Lake in Northland, New Zealand

Lake Rotokawau is a lake on the Pouto Peninsula in the Kaipara District of New Zealand.

Rotokawau is situated about 52 km southwest of Dargaville, along with neighbouring Lake Waingata it is surrounded by pastoral grassland. At its deepest point it is 12.96 m deep. The Northland Regional Council regularly checks the dune lakes with diving, water sampling and land-based surveys to assess water quality and ecological conditions. In the words of Brooke Gray, Biodiversity Advisor for the Northland Regional Council, "Rotokawau is one of the top ecologically outstanding lakes in Northland".

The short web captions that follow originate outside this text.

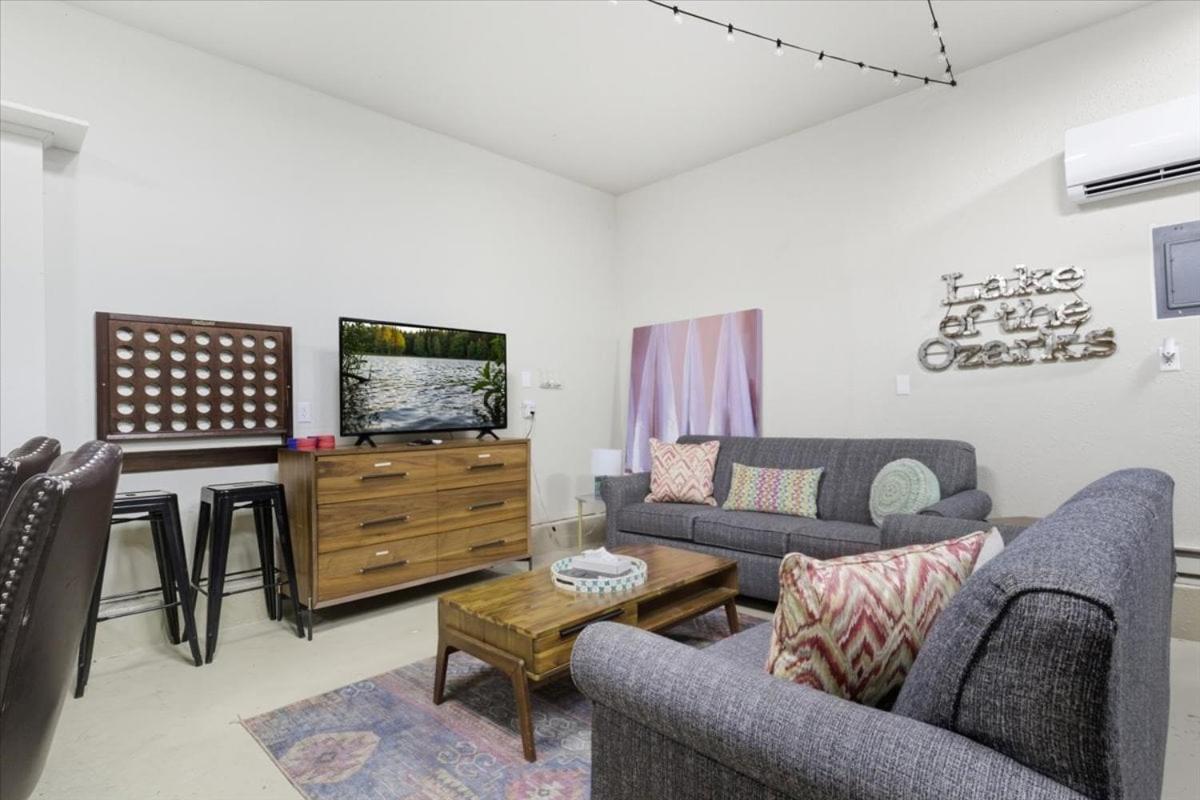 Amazing Cove, Fenced Yard, & Game Room!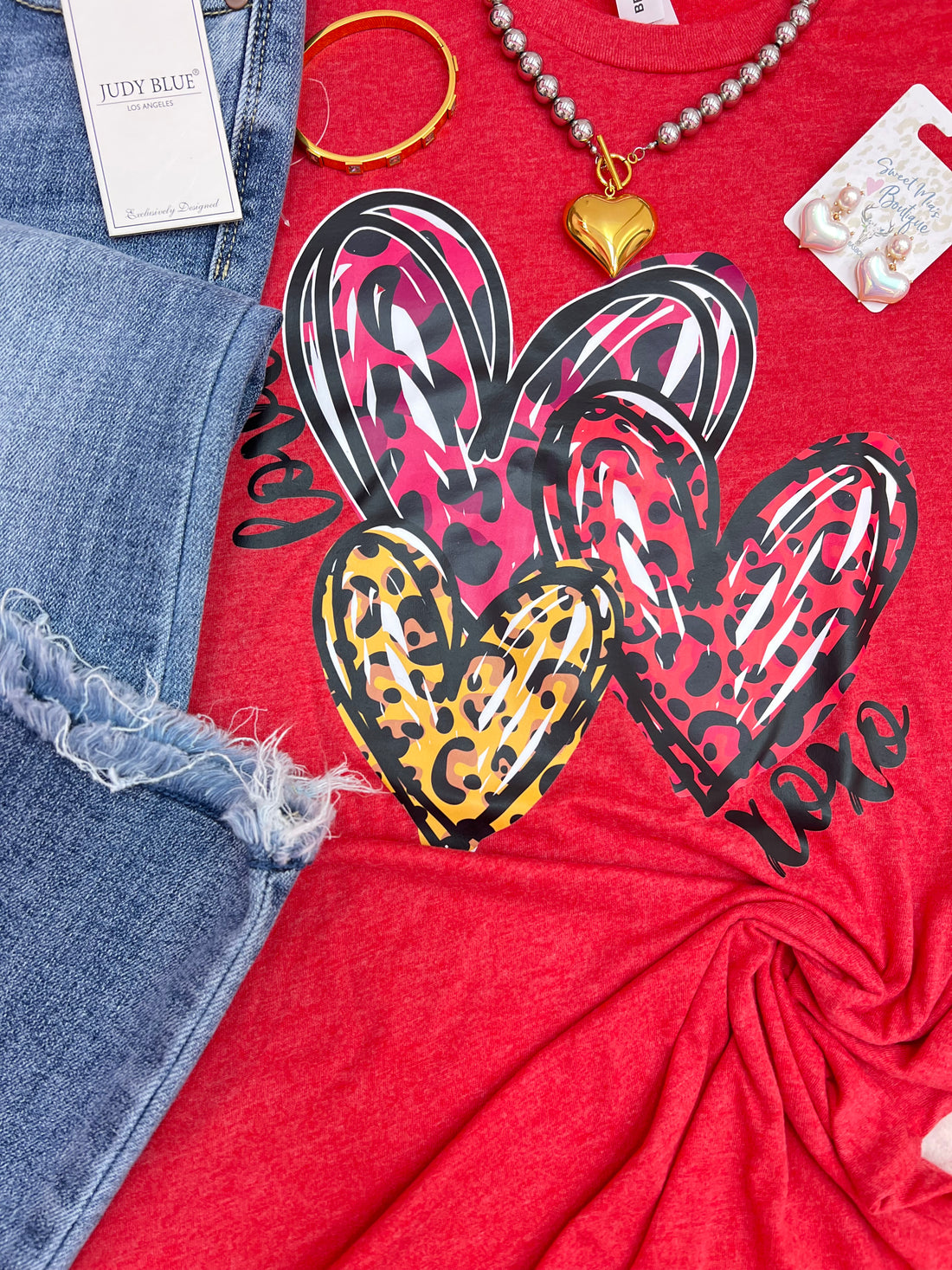 Love XOXO Heather Red Graphic Tee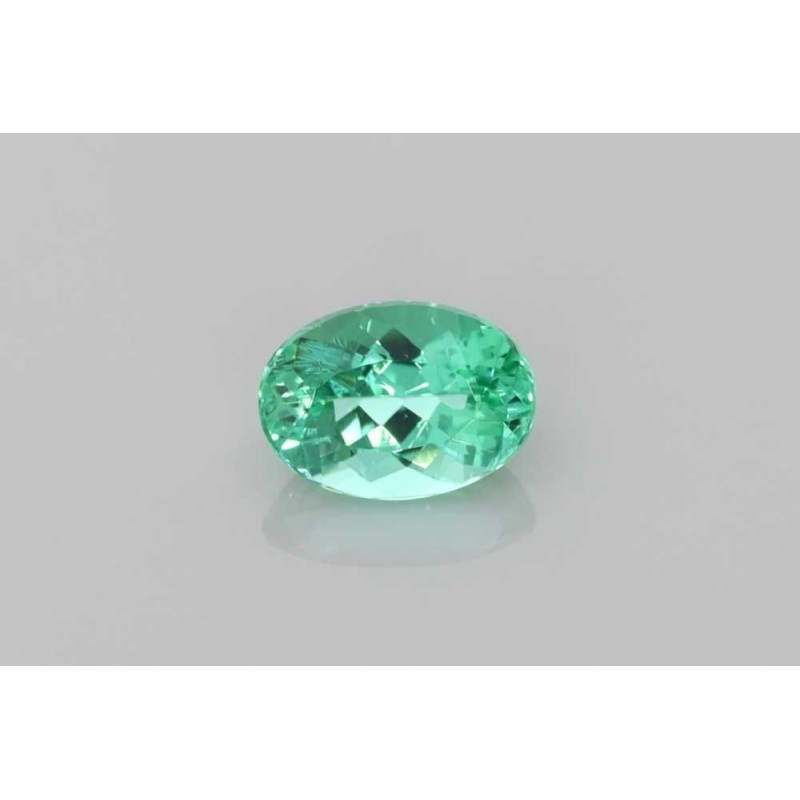 Turmalin szlif owalny, 0.81 ct, GREEN, GIA 2526594008 Turmalin szlif owalny, 0.81 ct, GREEN, GIA 2526594008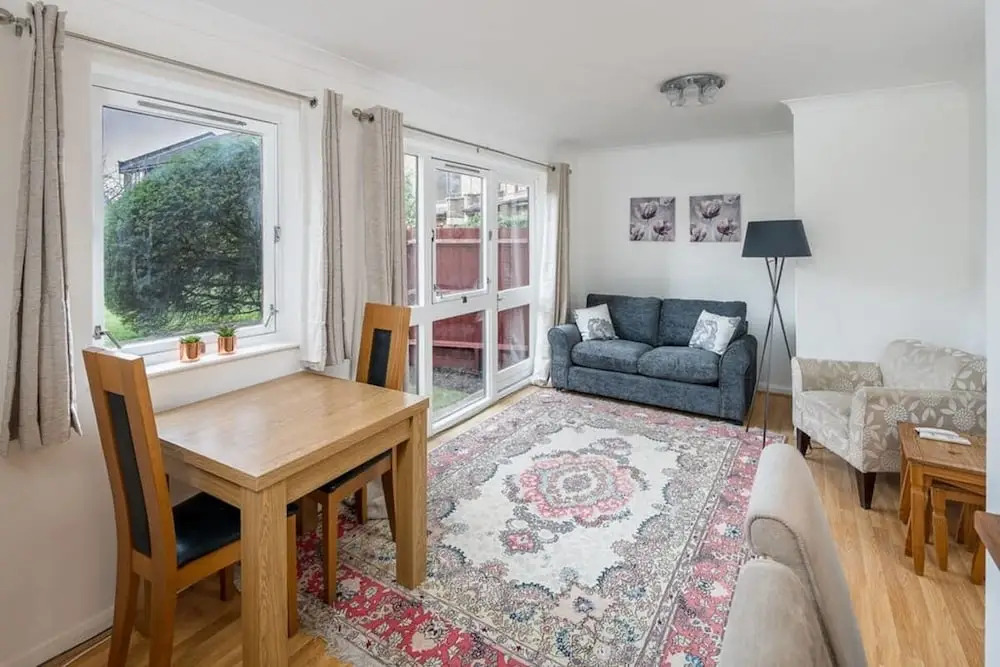Spacious 2 bed Sleeps 5 With Parking nr Chelsea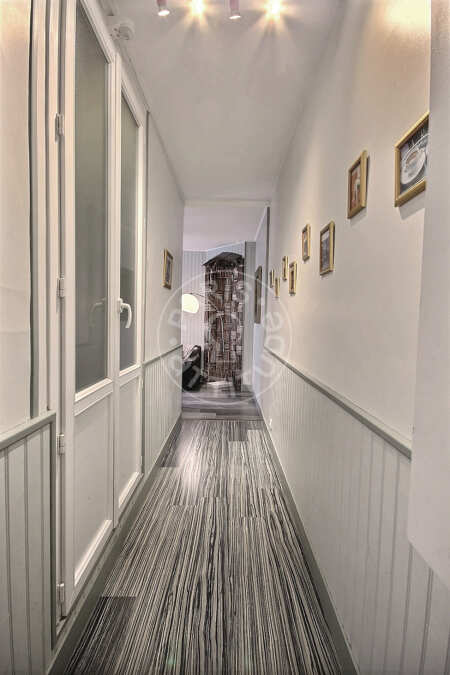 Entrada Apartamento mobilado - 30m²  - 1 quarto - Oberkampf - Paris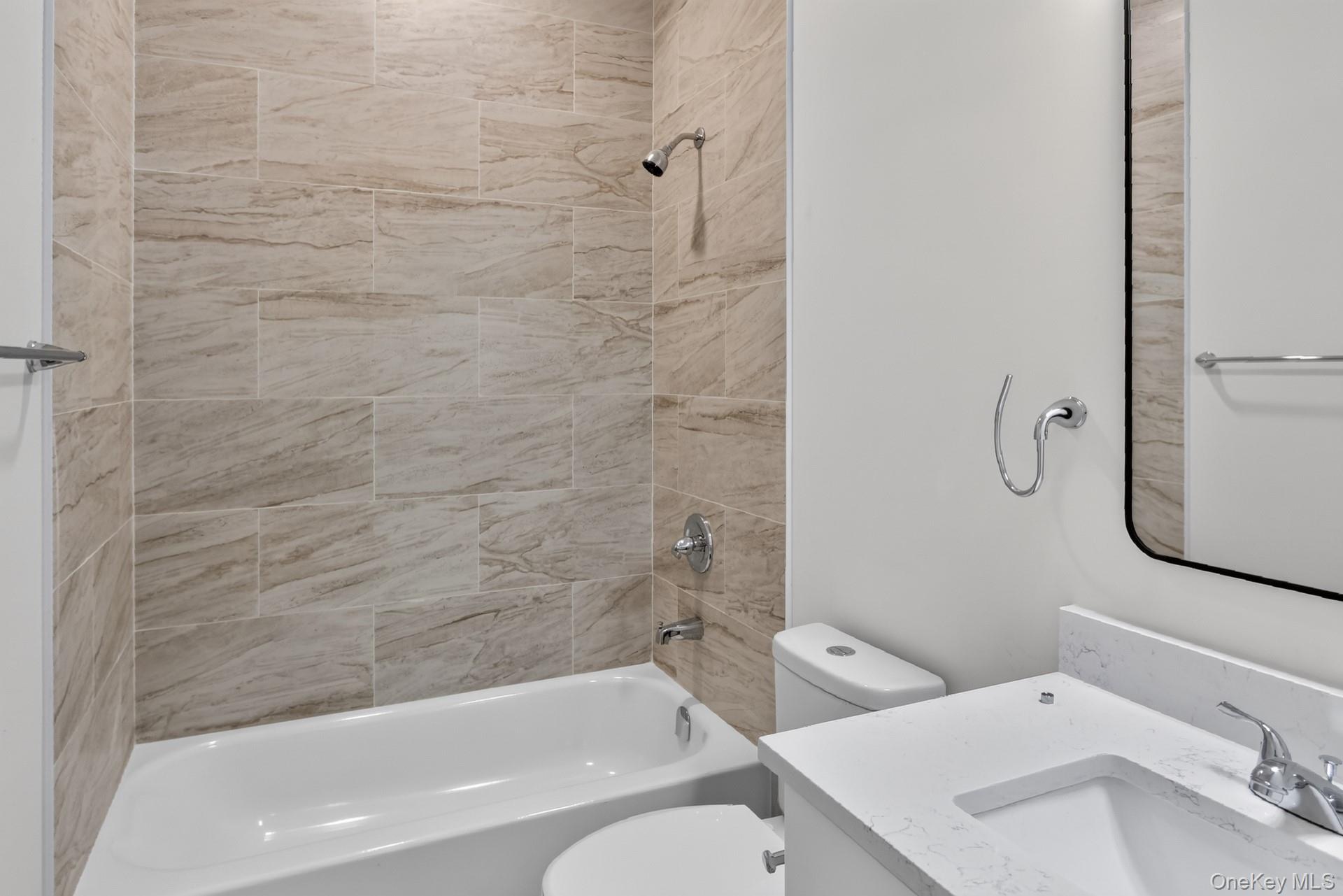 16 Dowd Street – For Rent photo 31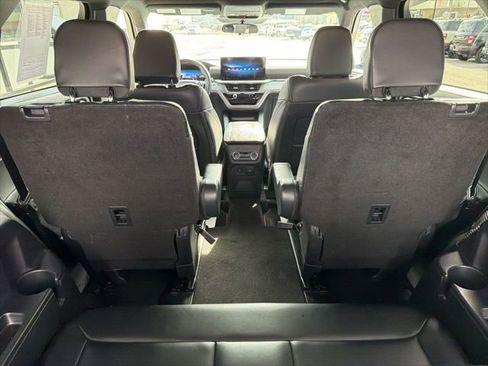 Used 2025 Ford Explorer ST-Line image 21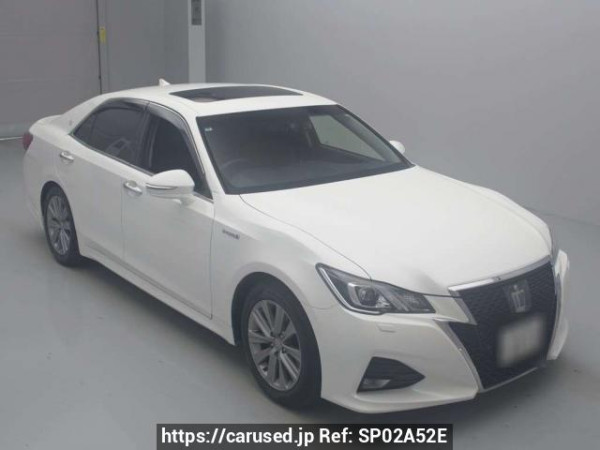 Used 2015 AT toyota crown-hybrid AWS210 Image[2]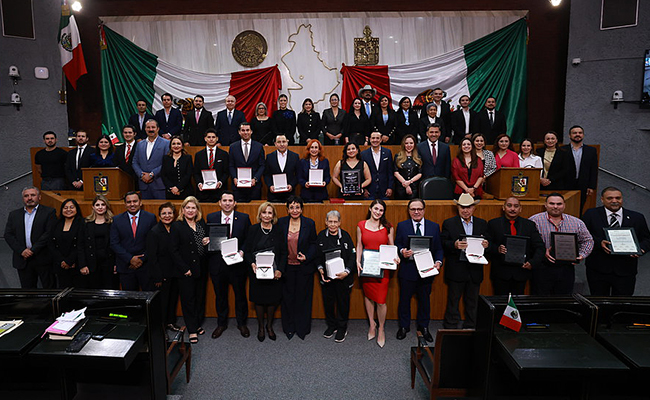 Entregan Medalla de Honor ‘Fray Servando Teresa de Mier’ a 14 ciudadanos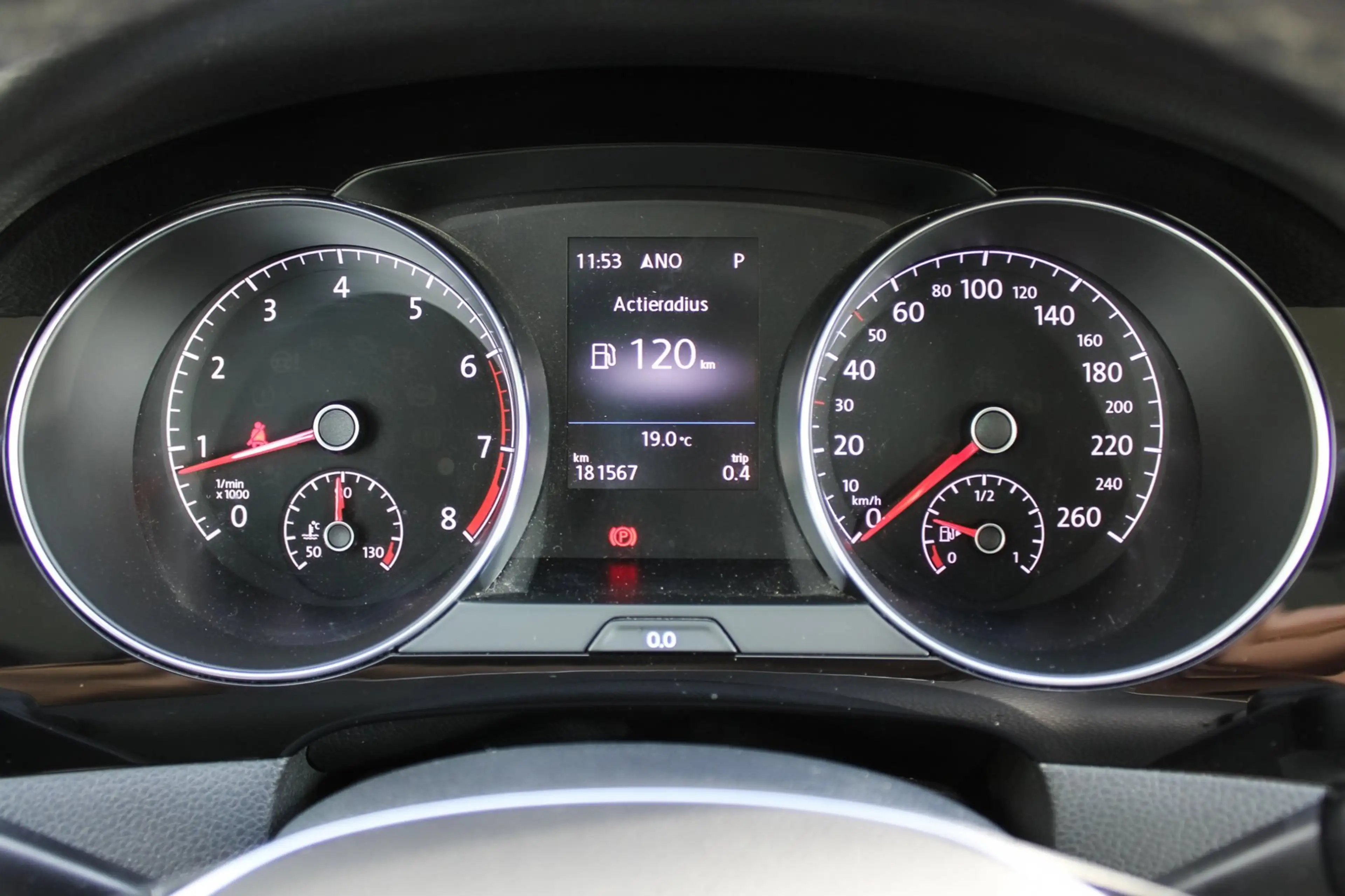 Volkswagen Golf Sportsvan 1.4 TSI Highline NAVI XENON CAMERA DSG — photo 18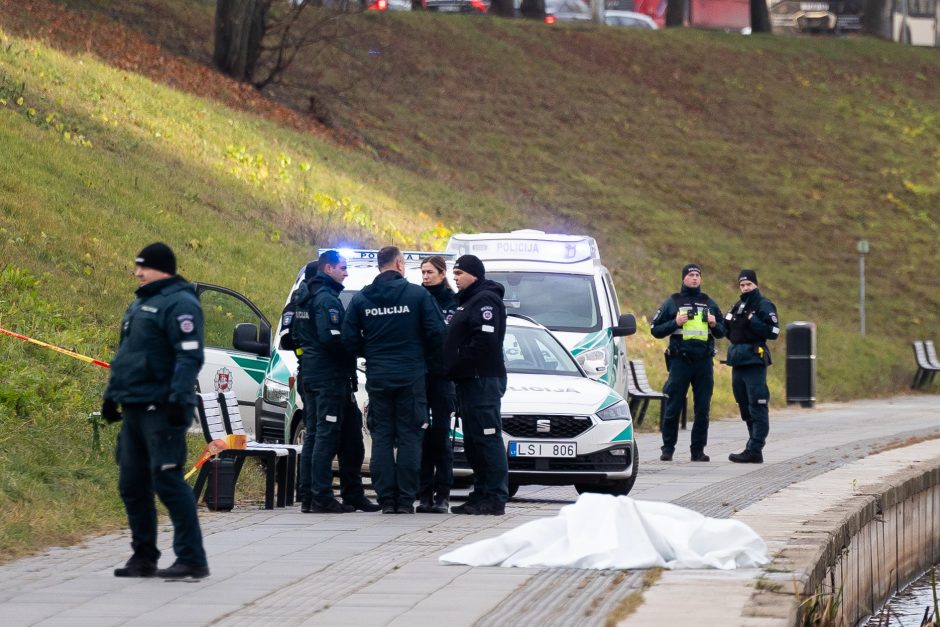 Neryje ugniagesiai rado nuskendusį žmogų: įtariama, kad tai – dingęs paauglys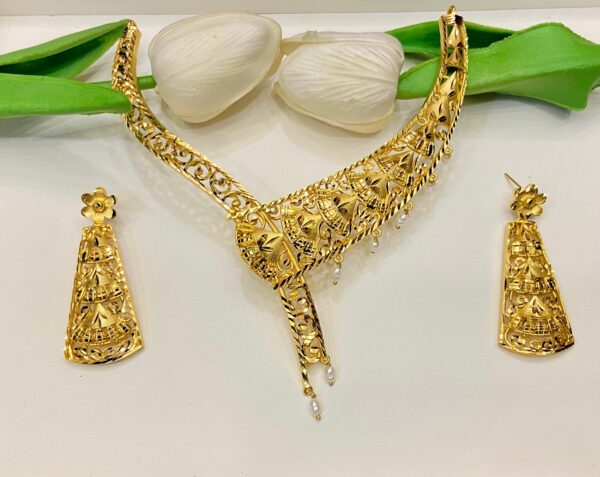 The Y deisgner hasuli cum necklace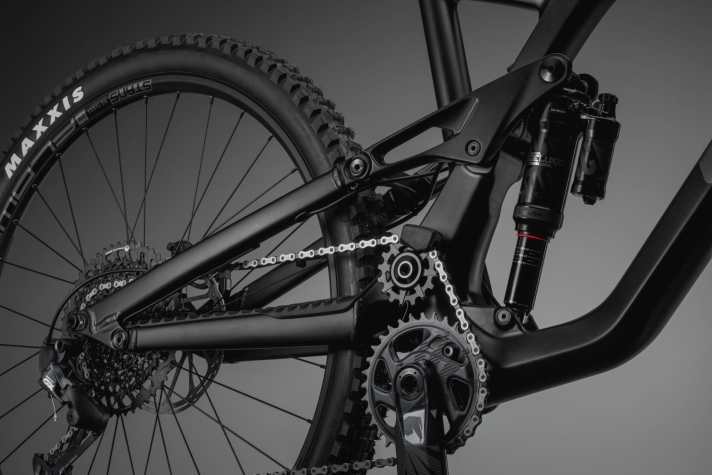   Nach Cannondale und Norco präsentiert auch GT sein Enduro Force Carbon für 2022 mit High-Pivot-Hinterbau.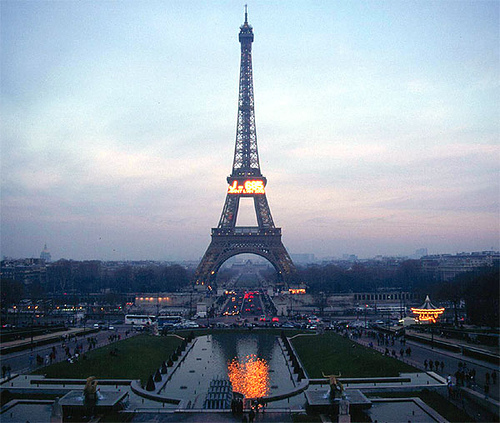 [Eiffel+Tower,+Paris,+France3.jpg]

The lake sits within ground water level, but only receives around 7% of its water from ground water, therefore it is classified as a Class 3 Window dune lake. Rainfall accounts for 59% of its water and 34% is from surface runoff.

The lake does not thermally stratify, which increases nutrient availability in the water column throughout the year.

==Etymology==

In Māori, Roto means 'lake' and kawau means 'cormorant' or 'shag', a local bird.